This skill integrates ElevenLabs v3 Text-to-Speech into OpenClaw to generate realistic, expressive AI voices with support for audio emotion tags and multilingual output. It supports voice selection, stability/speed tuning, and a WhatsApp-compatible workflow that converts MP3 output to Opus for broad device support. Use it to create narration, character dialogue, voice messages, and long-form audio while preserving natural delivery.

How this skill works

The skill sends text (optionally annotated with audio tags like [excited], [whispers], or [pause]) to the ElevenLabs v3 API and returns an MP3 audio file. You can tune the model via voiceId, modelId (eleven_v3), stability, similarityBoost, and speed.
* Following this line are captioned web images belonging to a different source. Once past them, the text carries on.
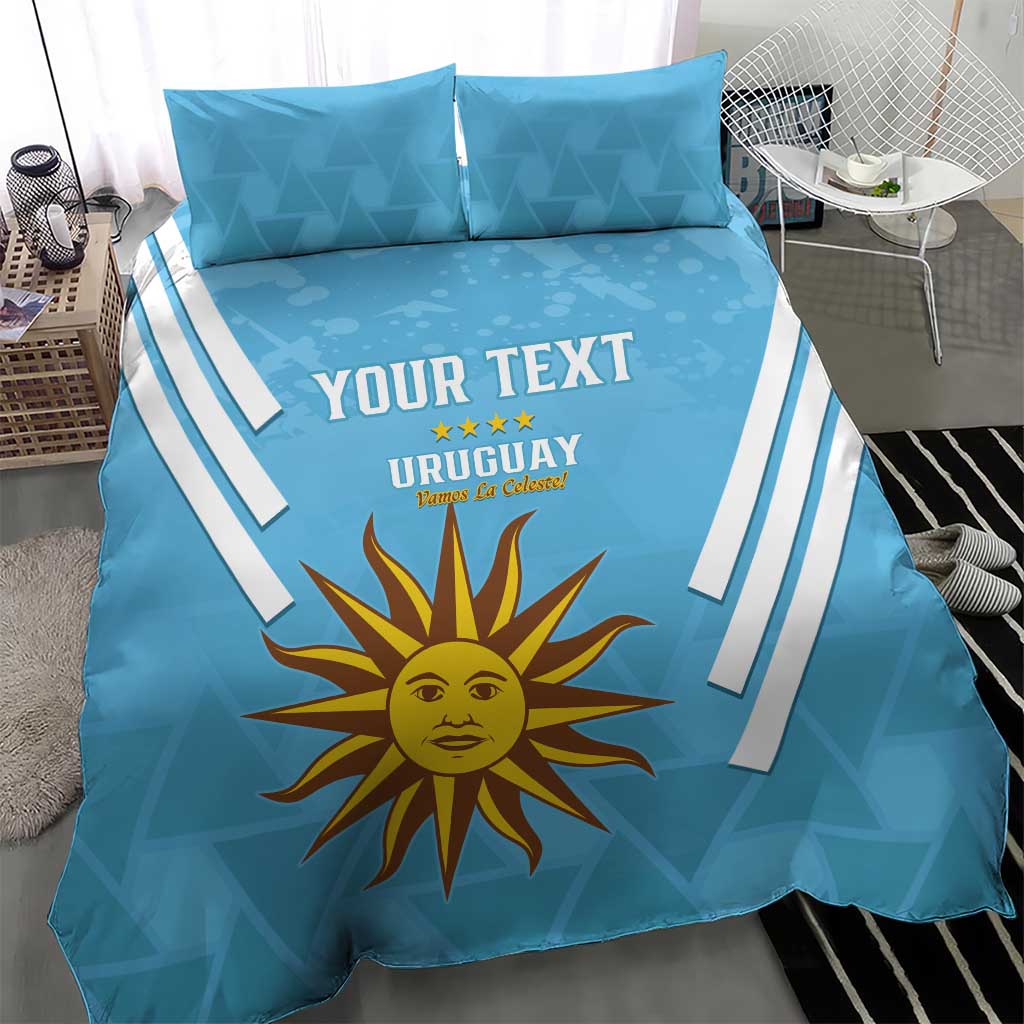 Custom Uruguay Football Bedding Set 2024 Vamos La Celeste - Wonder Print Shop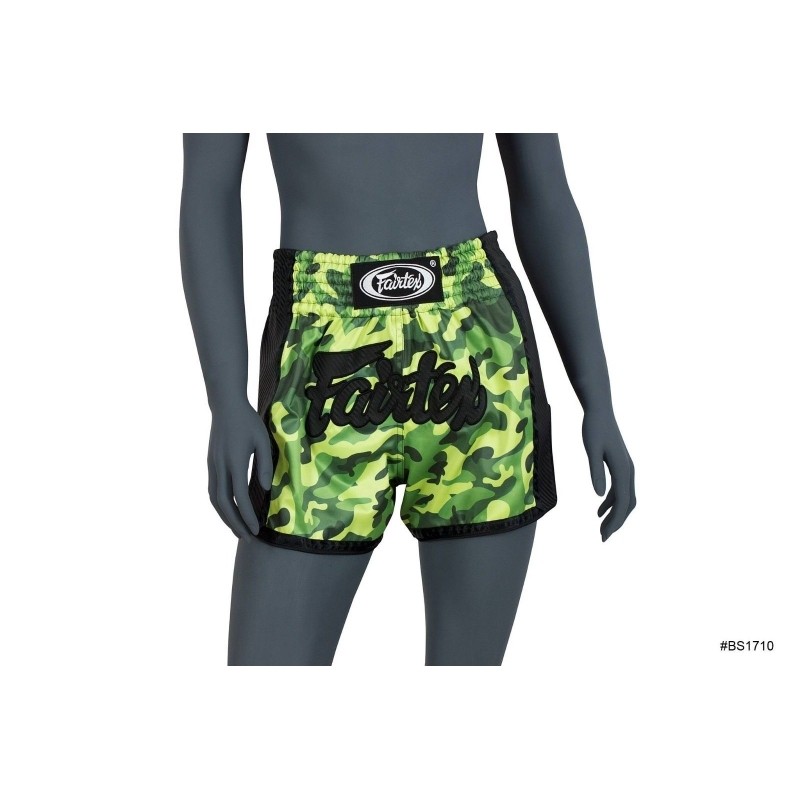 SHORT DE BOXE THAÏ FAIRTEX BS1710 GREEN CAMOUFLAGE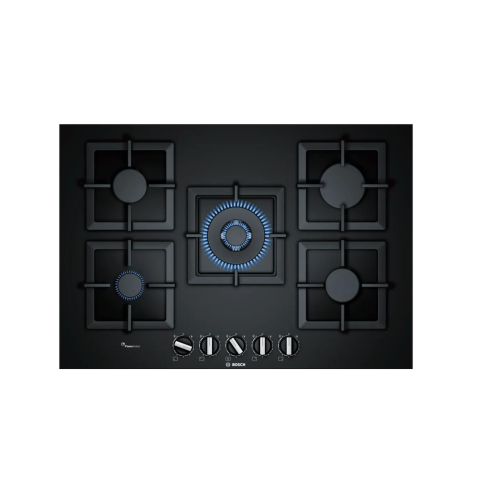 مسطح غاز بوش بلت ان Serie 6، عدد 5 شعلات، 75 سم، اسود - PPQ7A6B20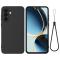  Samsung Galaxy A17 Skal Liquid Silikon Svart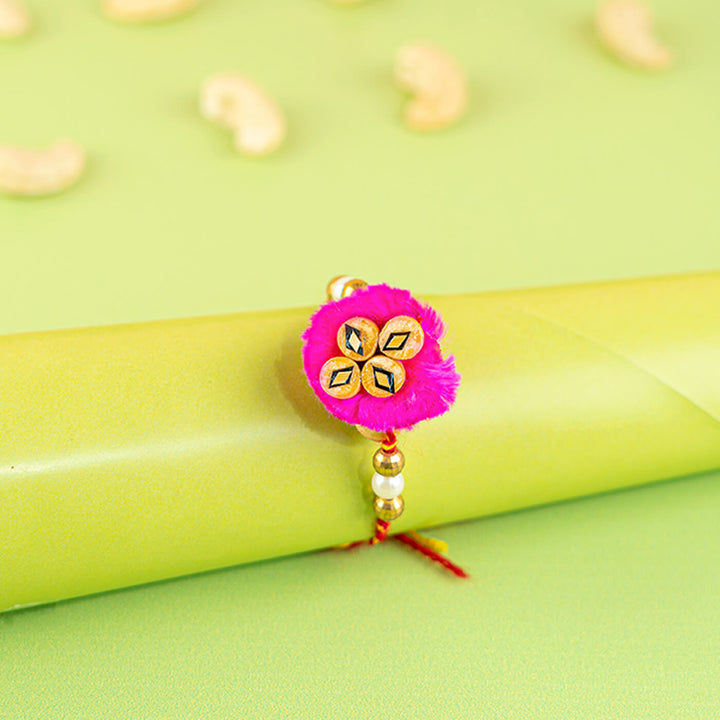 Ecofriendly Bamboo Rakhi With Roli Chawal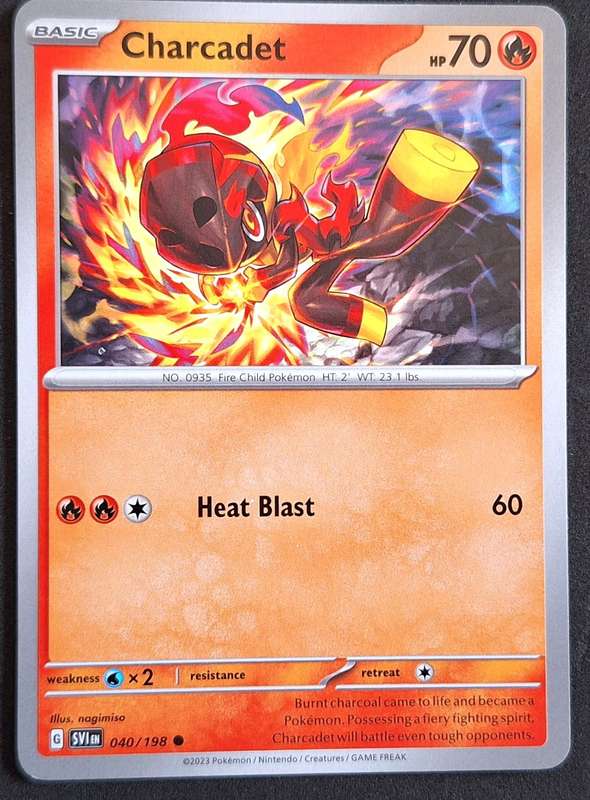 Pokemon 2021 Scarlet & Violet (Base Set) 040/198 Charcadet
For WhatsApp, the workflow converts MP3 to Opus with ffmpeg and then sends the .ogg voice note; long-form content is produced by generating short segments and concatenating them.

When to use it

Generate emotive narration or storytelling with audio tags for mood and pacing
Produce WhatsApp voice messages that must play on both Android and iOS (convert to Opus)
Create multi-speaker dialogues or character-based audio with tag-driven transitions
Build podcasts or long-form audio by splitting text into short segments and concatenating
Localize voice output with multilingual support and language-specific tags

Best practices

Prefer eleven_v3 model for audio tag support and use Creative/Natural stability (0.3–0.7) for responsiveness
Keep segments under ~800 characters for best quality; split longer texts and then concatenate
Use 1–2 audio tags per sentence or phrase; place tags at emotional transitions and before key moments
Always append [pause] or ellipses at the end to avoid audio cutoff from ElevenLabs
Convert generated MP3s to Opus (.ogg) via ffmpeg for WhatsApp compatibility and transcription support

Example use cases

Storytelling with layered emotions: soft beginnings, nervous tension, excited climaxes
WhatsApp voice alerts or greetings sent as Opus files for reliable cross-device playback
Character dialogues with overlapping lines and interruption tags for lifelike conversations
Long-form podcast episodes created by generating short segments and merging them into a final file
Multilingual voice messages or short localized promos using languageCode and expressive tags

FAQ

Do I need anything besides the ElevenLabs API key?

Yes—install ffmpeg on PATH to convert MP3 to Opus for WhatsApp and device compatibility.

How do I avoid the last word getting cut off?

Append [pause] or trailing ellipses (...) to the text segment to prevent cutoff.

What stability setting best follows audio tags?

Use Creative or Natural (stability ~0.3–0.7). Higher stability makes tags less responsive.